The simulation behavior is controlled by the `config.yaml` file. Here you can adjust parameters for the infrastructure, workflows, and schedulers.

### Key Configuration Parameters:

*   **`infrastructure`**:
    *   `node_configs`: Defines CPU and memory capacities for different node types (e.g., `small_edge`, `large_cloud`).
    *   `cluster_configs`: Specifies the composition of each cluster type (e.g., number of nodes and their type).
    *   `network_*`: Sets latency (ms) and bandwidth (Mbps) for intra- and inter-cluster networks.
    *   `*_node_cost_per_hour`: Defines the operational cost for edge and cloud nodes.

*   **`workflow`**:
    *   `num_workflows`: The total number of workflows to simulate.
    *   `min_tasks`, `max_tasks`: The range for the number of tasks in each workflow.
    *   `task_*_range`: Defines the range for CPU/memory requirements, runtime, and data sizes for tasks.

*   **`scheduler`**:
    *   `cerebrum_policy_weights`: Sets the weights for performance, energy, and cost for the different `Cerebrum` scheduler policies.
    *   `fl_block_latency`: The additional scheduling latency for the `FL-Block` scheduler.

## Project Structure

```
EdgeFedSim/
│
├── .github/workflows/      # GitHub Actions for CI/CD
│
├── examples/schedulers/    # Example implementations of custom schedulers
│   ├── LeastLoadedScheduler.py
│   ├── Network-AwareScheduler.py
│   └── RandomScheduler.py
│
├── application.py          # Defines Task and Workflow classes
├── config.yaml             # Central configuration file for the simulation
├── infrastructure.py       # Defines Federation, Cluster, Node, and Network classes
├── main.py                 # Main script to run experiments
├── requirements.txt        # Python package dependencies
├── scheduler.py            # Implementation of the core scheduling algorithms
├── simulation.py           # Core simulation logic orchestrating the environment
└── utils.py                # Utility functions and configuration loader
```

## How to Extend

### Adding a New Scheduler

You can easily add your own custom scheduler to the framework:

1.  Create a new Python file in the `examples/schedulers/` directory or another location.
2.  Define a class that inherits from `AbstractScheduler` (from `edgefedsim/schedulers/abstract_scheduler.py`).
3.  Implement the `schedule` method as required by your logic. See the provided examples for the expected signature.
4.  Import your new scheduler in `main.py` and add it to the experiment runs.

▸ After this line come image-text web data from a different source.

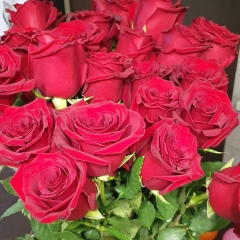 Ната Ива, Самара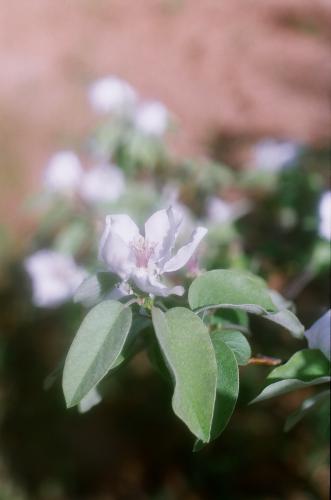 Fotos menos valoradas » Foto de montalbeo - Galería: PRIMAVERA EN MI CASA - Fotografía: flor del membrillo
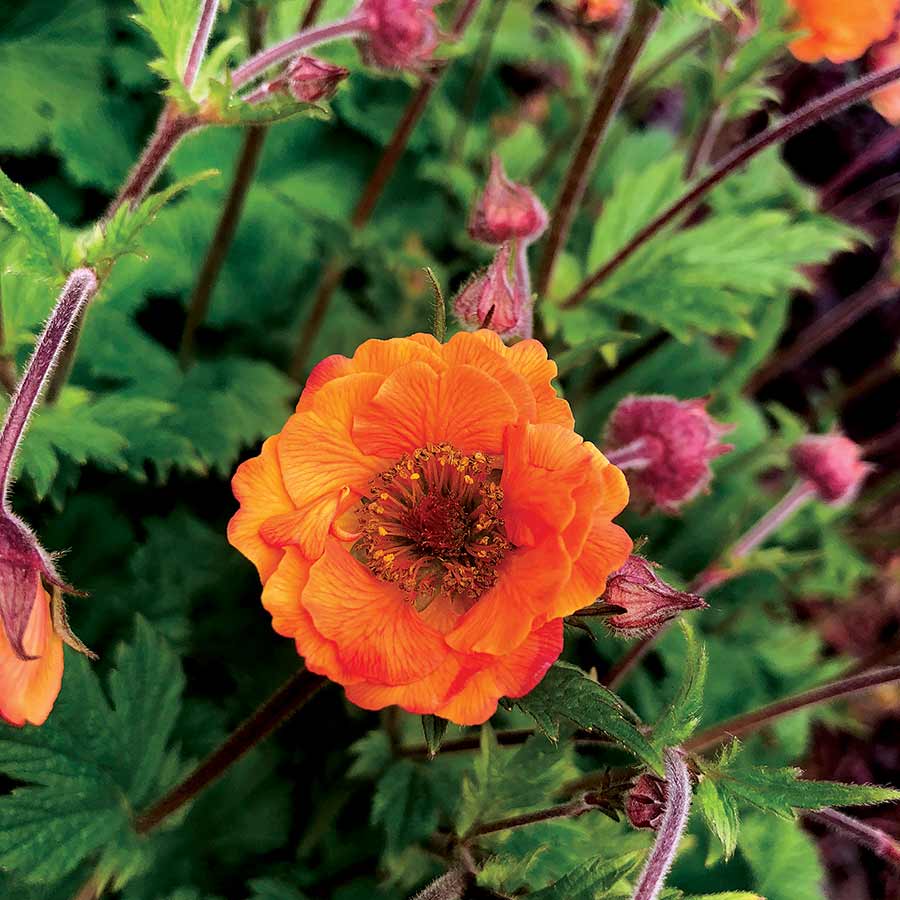 Geum ‘Tempo Orange’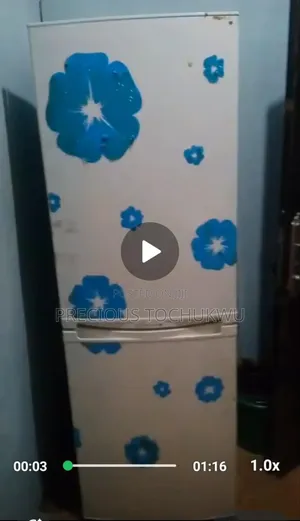Standing Fridge and Freezer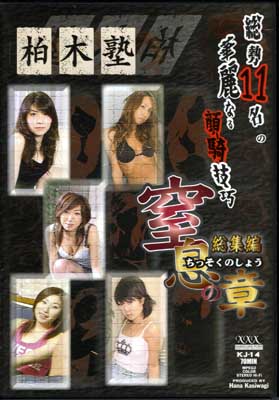 ڽΡ©ξ(DVD)(KJ-14)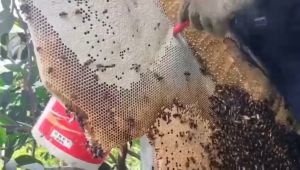 A.DORSATA WILD TUALANG HONEY (20 SACHETS x 8G)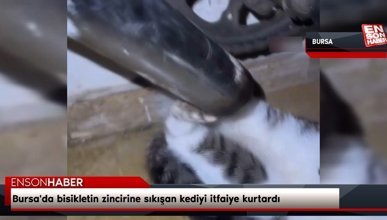 Bursa'da bisikletin zincirine sıkışan kediyi itfaiye kurtardı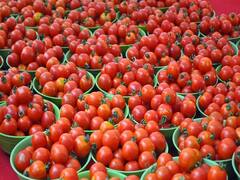 Tomato price: சத்தமில்லாமல் உச்சத்தில் ஏறிய தக்காளி.. தலைசுற்ற வைக்கும் மார்க்கெட் விலை!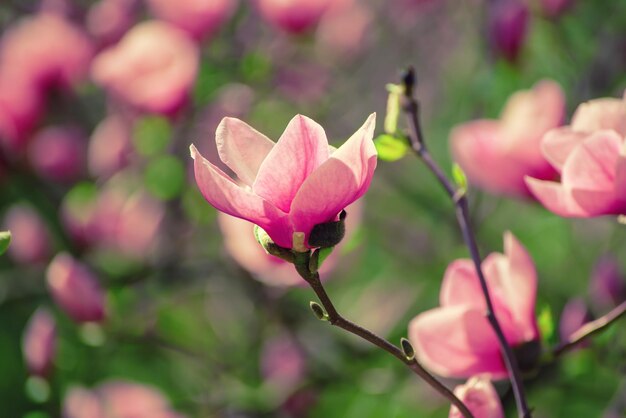 Floración de flores de magnolia rosa en primavera, fondo estacional natural floral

Here is a simple example of a random scheduler:

```python
# examples/schedulers/RandomScheduler.py
import random
from edgefedsim.schedulers.abstract_scheduler import AbstractScheduler # Or import BaseScheduler

class RandomScheduler(AbstractScheduler):
    def schedule(self, current_time, ready_tasks, federation_state):
        placements = []
        all_nodes = list(federation_state.nodes.values())

        for task in ready_tasks:
            suitable_nodes = [
                node for node in all_nodes
                if node.resources["cpu_mips"] >= task.requirements["cpu_mips"]
            ]

            if suitable_nodes:
                selected_node = random.choice(suitable_nodes)
                placements.append((task, selected_node))
        return placements
```

## Dependencies

The project relies on the following Python libraries:

*   `simpy`: For discrete-event simulation.
*   `networkx`: For creating and managing DAG-based workflows.
*   `numpy`: For numerical operations and random number generation.
*   `python-louvain`: For community detection in the Cerebrum scheduler.
*   `tabulate`: For printing formatted result tables.
*   `pyyaml`: For parsing the `config.yaml` file.

## License

This project is distributed under the MIT License. See the `LICENSE` file for more details.